After he restarted them, they worked just fine.

Haven't noticed this on Armada, but then again, when has any of those servers been on for least a month lol
(0006410)
jwaffe   
2013-06-09 20:44   
(edited on: 2013-06-09 20:45)
I can confirm this behavior on my servers ([IFOC]), all of them go down at the same time, though I figured it was closer to 28 days. This has been happening as long as I have been hosting, even on Skulltag 98D

When this happens to my servers, they disappear from the master server, I can connect to them using -connect, but I get a bright yellow HOM screen. Killing and restarting the servers fixes all problems for another interval of around 28 days.
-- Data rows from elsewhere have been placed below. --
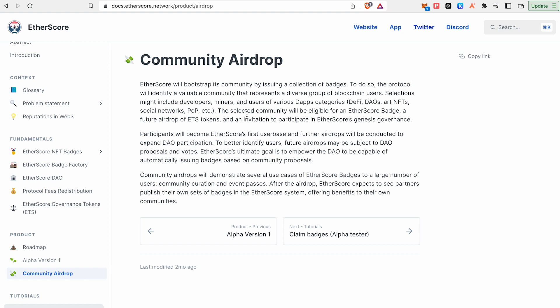You will have to do tasks in your project and claim badges. The selected community will be eligible for an Etherscore badge, a future airdrop of ETS token, and an invitation to participate in Etherscore's Genesis Governance.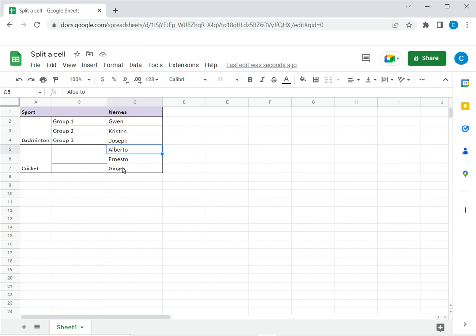There isn't any way to automatically split the data as well, but you can just split the cell and all the data is retained in the topmost cell and then manually copy the data to the other cells.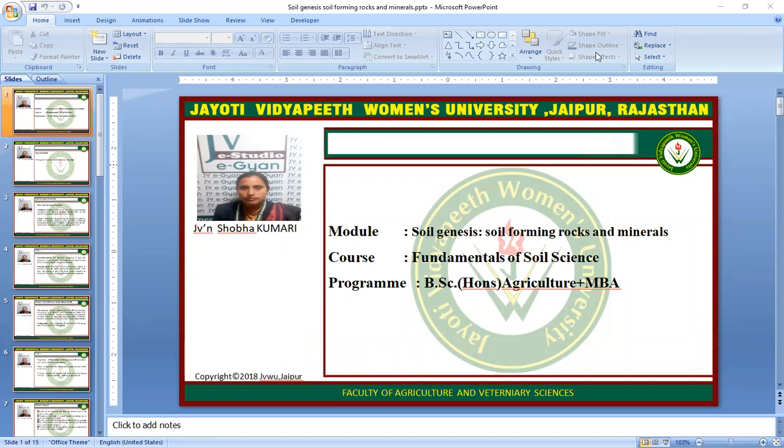Namaste. I am Jeevan Shobha Kumari, Assistant Professor in Jyothi Vidya Performance University, Jayapur, Faculty of Agricultural Veterinary Science. Today I will have a lecture on this topic: Soil Genesis, Soil Forming Rocks and Minerals.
My server is running the 64 bit linux build on Ubuntu server

(0006478)
Konar6   
2013-06-22 21:55   
(edited on: 2013-06-22 21:56)
This problem is caused by overflow in SERVER_Tick().
The variables which hold the millisecond timers work with the LONG datatype, and thus overflow when the server has been running for 2,147,483,647 msec, or 24 days and ~ 20 hours.
The timer is however provided by an SDL function SDL_GetTicks() which itself is just Uint32 anyway, so I guess the fix won't be as easy as switching our variables to a 64bit datatype (and switching to ULONG would only postpone the problem to 49 days?)
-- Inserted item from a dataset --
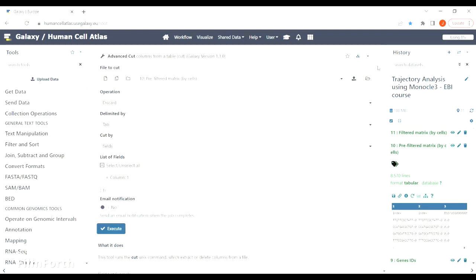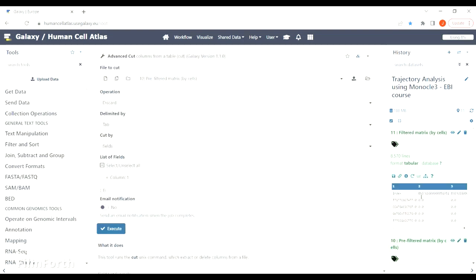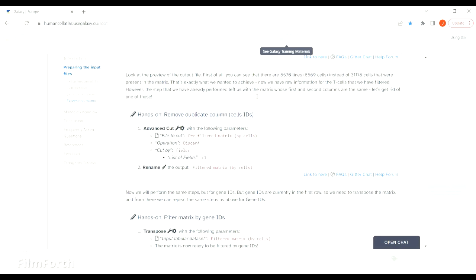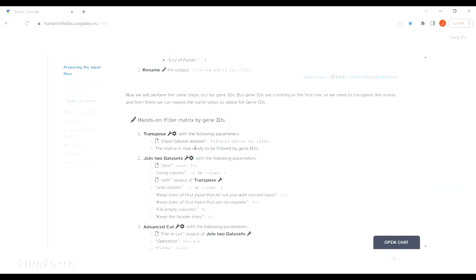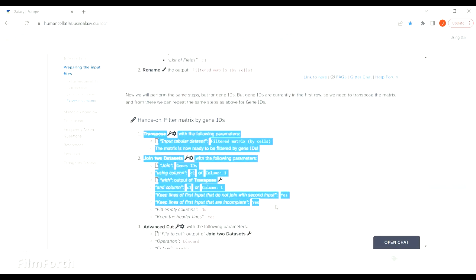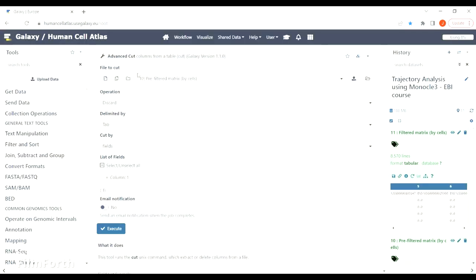The genes IDs are currently in the first row, so we need to transpose the matrix and only then we can perform the same operations as before.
According to Firestone, he doesn't suffer from this problem on his Windows servers.

(0006480)
Torr Samaho   
2013-06-23 11:02   
If it's just an overflow problem in SERVER_Tick(), why aren't the Windows servers affected?
(0006489)
Edward-san   
2013-06-23 16:33   
... it should affect windows servers too, but only after 49 days, which is, coincidentally, the time for SDL_GetTicks.
(0006490)
jwaffe   
2013-06-23 17:25   
Ah... the timer rolls over and the server doesn't know what to do with packets from 49 days ago, or something similar I imagine.
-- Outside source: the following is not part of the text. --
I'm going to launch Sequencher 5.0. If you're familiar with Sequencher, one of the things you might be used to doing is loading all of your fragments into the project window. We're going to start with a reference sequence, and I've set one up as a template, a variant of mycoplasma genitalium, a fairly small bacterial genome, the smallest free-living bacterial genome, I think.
It might not be easy to go from using the absolute value of the counter to using a relative value. I'm not sure how deeply it's coded to use the return value instead of the return value minus a point in time to measure against.
(0006493)
Torr Samaho   
2013-06-23 19:48   
Quote from Edward-san

... it should affect windows servers too, but only after 49 days

SERVER_Tick stores the return value of I_MSTime as LONG. To this should also overflow under Windows after 24 days.
(0017808)
Ru5tK1ng   
2017-06-07 03:32   
Is there any reason SERVER_Tick doesn't use ULong?
(0019005)
Torr Samaho   
2018-01-21 20:26   
The following could help with debugging the issue:

[21:16:19] <Dusk> [20:07:51] <AlexMax> [18:05:29]'https://idea.popcount.org/2013-07-19-how-to-sleep-a-million-years/ [^]'
[21:16:19] <Dusk> [20:07:51] <AlexMax> [18:05:36] this might be useful for trying to fix the 24 day bug
(0023175)
Kaminsky   
2024-03-01 16:42   
'https://foss.heptapod.net/zandronum/zandronum-stable/-/merge_requests/36 [^]'
(0023295)
Kaminsky   
2024-03-03 21:09   
The merge request above got pushed into the default branch of the repository.
(0023797)
Kaminsky   
2024-07-17 17:08   
[12:52 PM] Sean: most of my servers have been running for at least 93 days straight now
[12:54 PM] Sean: my 3.1 servers where I backported that fix are at 135 days

Since Sean's Blue Firestick servers, as of writing this, have been running for this long and still work fine, I'll mark this issue as resolved.